• THE TASK
Please restate the listing word for word, omitting the images.

• PROVIDED DATA
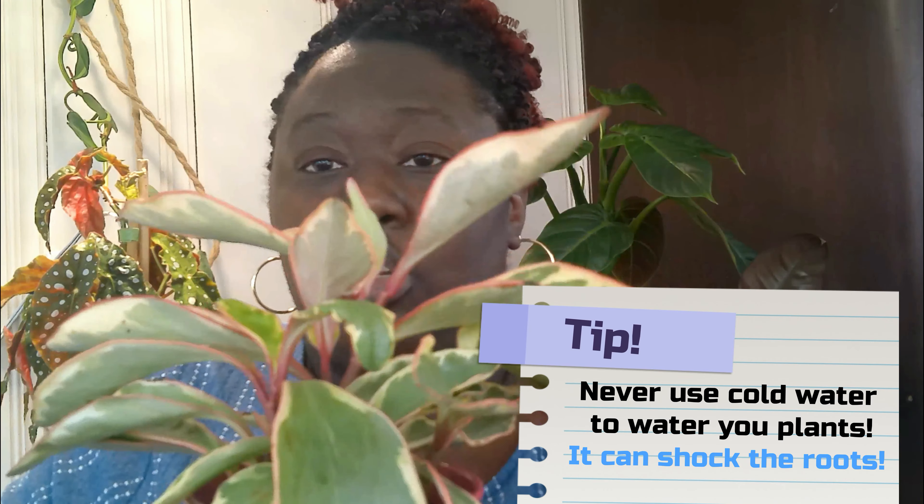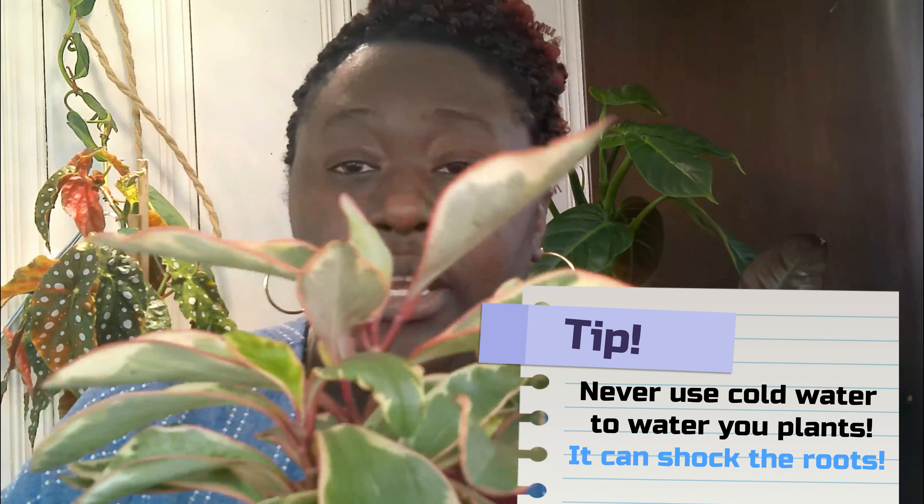As far as watering, you want to make sure the soil has completely dried out before you give it a good drink. This plant is very sensitive to water — it can rot at the base if you water from the top. I do bottom watering: I put water in the saucer and sit the pot back into it, letting it soak up the water. I'm cautious about watering from the top because it could cause the base to rot, so I would recommend bottom watering for this plant.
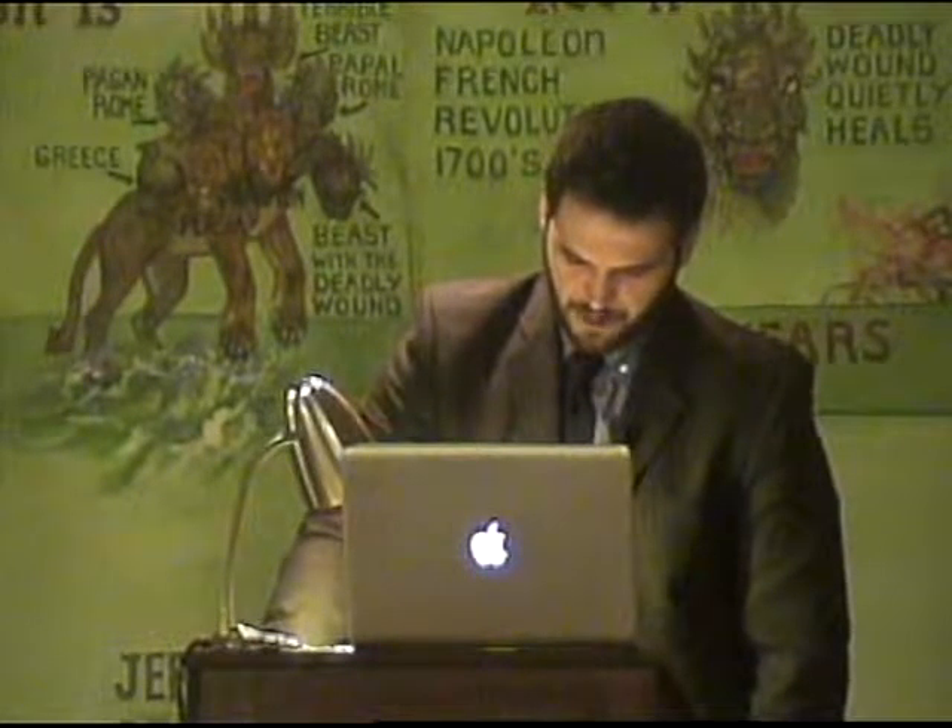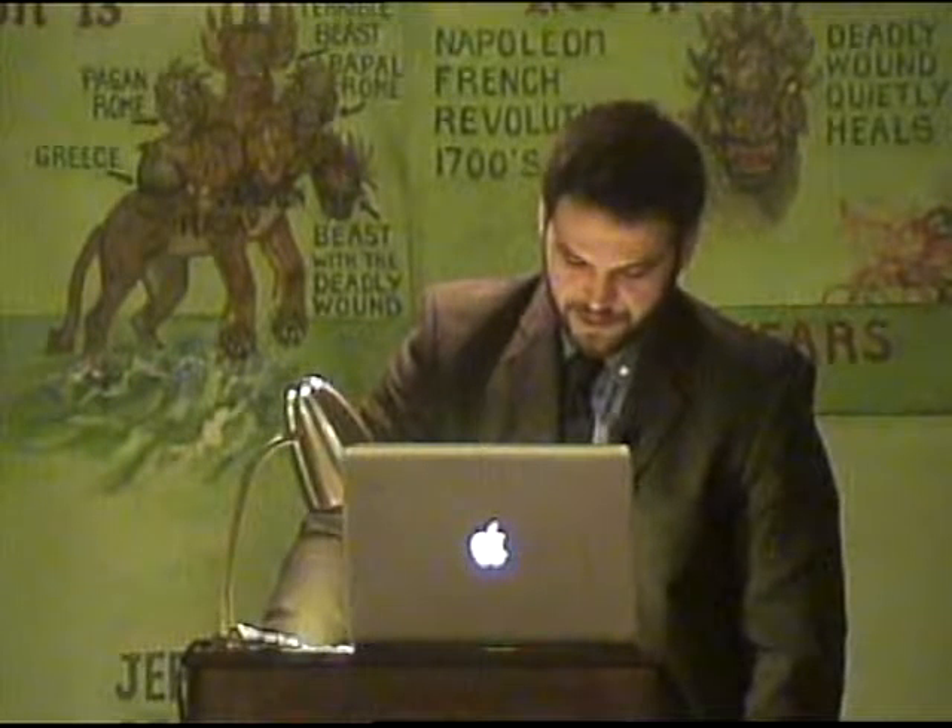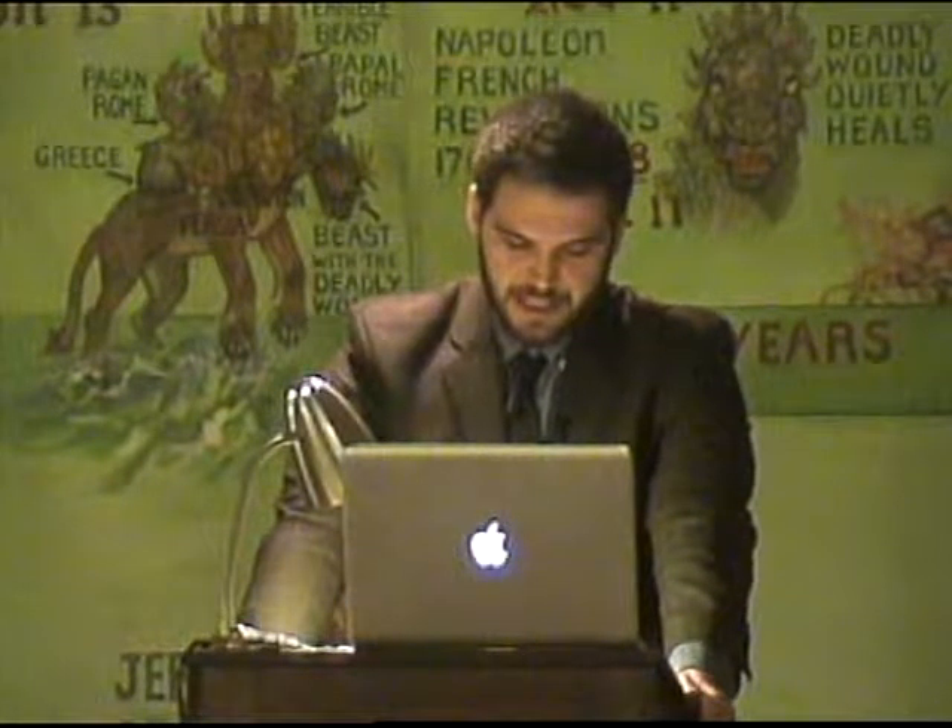And two golden rings shalt thou make to it under the crown of it, by the two corners thereof, upon the two sides of it, and they shall be for places of the staves to bear it. And thou shalt make the staves of acacia wood and overlay them with gold. And thou shalt put it before the veil that is by the Ark of the Testimony, before the mercy seat that is over the Testimony, where I will meet thee. So it's in front of the veil, and behind that veil is the most holy place, where the Ark of the Covenant is.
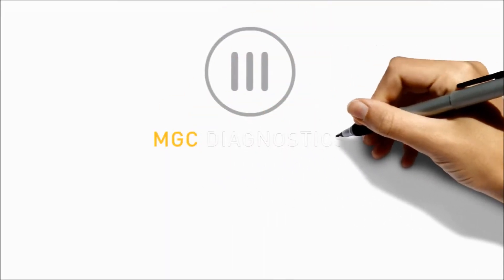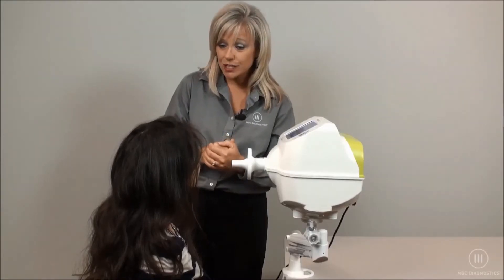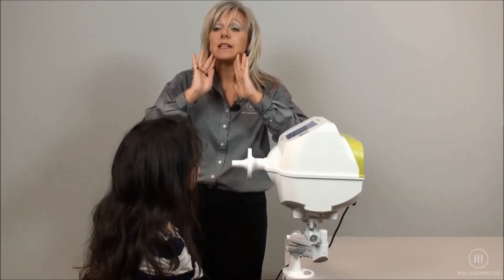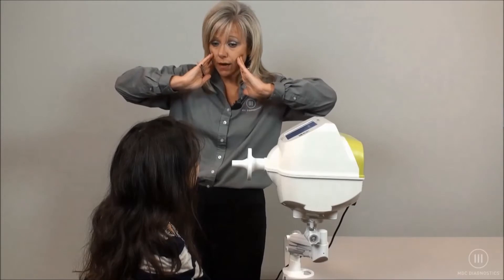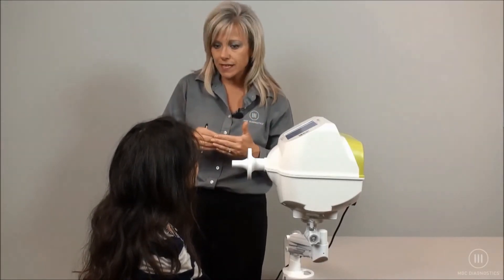Welcome to the MGC Diagnostics Resmond Pro FOT training video. You're going to put your mouth on the mouthpiece with a tight seal, with your neck slightly flexed, nose clip on, hands on your cheeks, and your elbows out. You're simply just going to breathe normally for approximately 15 breaths.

• RESULT FOR THIS EXERCISE
As far as watering, you want to make sure the soil has completely dried out before you give it a good drink. This plant is very sensitive to water — it can rot at the base if you water from the top. I do bottom watering: I put water in the saucer and sit the pot back into it, letting it soak up the water. I'm cautious about watering from the top because it could cause the base to rot, so I would recommend bottom watering for this plant.
And two golden rings shalt thou make to it under the crown of it, by the two corners thereof, upon the two sides of it, and they shall be for places of the staves to bear it. And thou shalt make the staves of acacia wood and overlay them with gold. And thou shalt put it before the veil that is by the Ark of the Testimony, before the mercy seat that is over the Testimony, where I will meet thee. So it's in front of the veil, and behind that veil is the most holy place, where the Ark of the Covenant is.
Welcome to the MGC Diagnostics Resmond Pro FOT training video. You're going to put your mouth on the mouthpiece with a tight seal, with your neck slightly flexed, nose clip on, hands on your cheeks, and your elbows out. You're simply just going to breathe normally for approximately 15 breaths.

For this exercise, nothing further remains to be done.